Le président: Merci, monsieur Carrier. Le rapport de commission dont a fait état M. Carrier est le rapport de la Commission royale dirigée par Vincent Massey, et qui a mené à la création du Conseil des arts du Canada.

[Français]

Le sénateur Maheu: Je vous félicite, monsieur Carrier, de votre implication depuis votre tout jeune âge. Vous avez dit qu'un peu partout au pays les bibliothèques n'ont pas d'argent pour acheter des livres. Vous nous demandez de faire en sorte que la littérature soit disponible pour tout le monde, y inclus la littérature pour les enfants. Mes petits-enfants vont à toutes les semaines chercher des livres à la bibliothèque.

Dans quelle mesure l'abolition de la taxe de la valeur ajoutée en vigueur à travers le monde va empêcher les bibliothèques d'acheter des livres ou d'embaucher des bibliothécaires? Le témoin précédent nous dit que l'avenir de la lecture n'est pas en danger.

Je me demande comment définir la lecture et les livres vis-à-vis Internet: est-ce que tous les livres ou une grande majorité des livres sont disponibles aux étudiants sur Internet? Est-ce qu'on enlève la taxe sur Internet, les disques et les livres? Est-ce qu'on va détaxer également les ordinateurs? Dans des bibliothèques urbaines, vous avez accès aux ordinateurs qui peuvent vous donner les renseignements que vous ne trouvez pas dans certains livres de la bibliothèque.

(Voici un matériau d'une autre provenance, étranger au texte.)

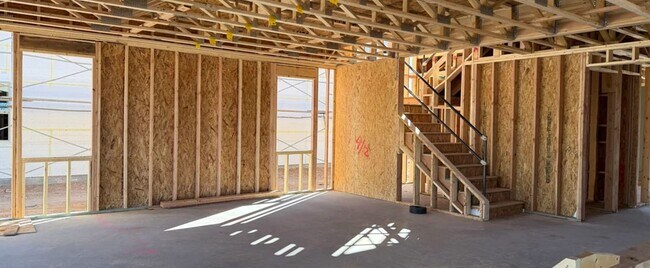 5518 W Hayduk Rd, Phoenix, AZ 85339 - photo 6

J'appuie totalement ce projet de loi et je voudrais qu'on l'adopte immédiatement. Il faudrait d'abord que l'on donne une définition de ce qu'est la lecture. En 1996, le budget de M. Martin a déjà accordé à certains groupes dont les bénévoles, les bibliothèques et les écoles une exemption de la taxe fédérale. Que peut-on faire de plus? Qu'est-ce que cela va nous donner de plus?

M. Carrier: Vous avez, en fait, posé plusieurs questions. On peut toujours trouver plusieurs raisons pour lever une taxe. On peut trouver, si vous voulez, de très bonnes raisons de lever une taxe sur le pain ou sur le lait. On peut toujours le justifier. En ce qui concerne Internet, malgré tout ce que l'on connaît du monde informatique, c'est encore un objet non identifié. Certaines personnes vous diront qu'avec Internet, c'est la fin du livre. D'autres personnes vous diront qu'avec Internet, les enfants n'ont jamais lu autant. Ils lisent grâce à Internet plus qu'ils ne veulent bien l'admettre. On ne le sait pas encore. Je pense qu'il faudra quelque temps avant de pouvoir se faire une opinion tout à fait précise sur la question.

La réalité pour tout le monde de l'imprimé, c'est la compétition très considérable avec le monde de l'informatique. Tous les gens qui sont dans l'un ou l'autre de ces domaines vous le diront.

Dans une aventure où on ne sait pas exactement où on s'en va, est-ce le bon moment d'imposer à un des combattants, je retourne à une métaphore de boxe, de porter un sac qui contient une taxe considérable? Ce n'est peut-être pas le bon moment. Laissons jouer les événements.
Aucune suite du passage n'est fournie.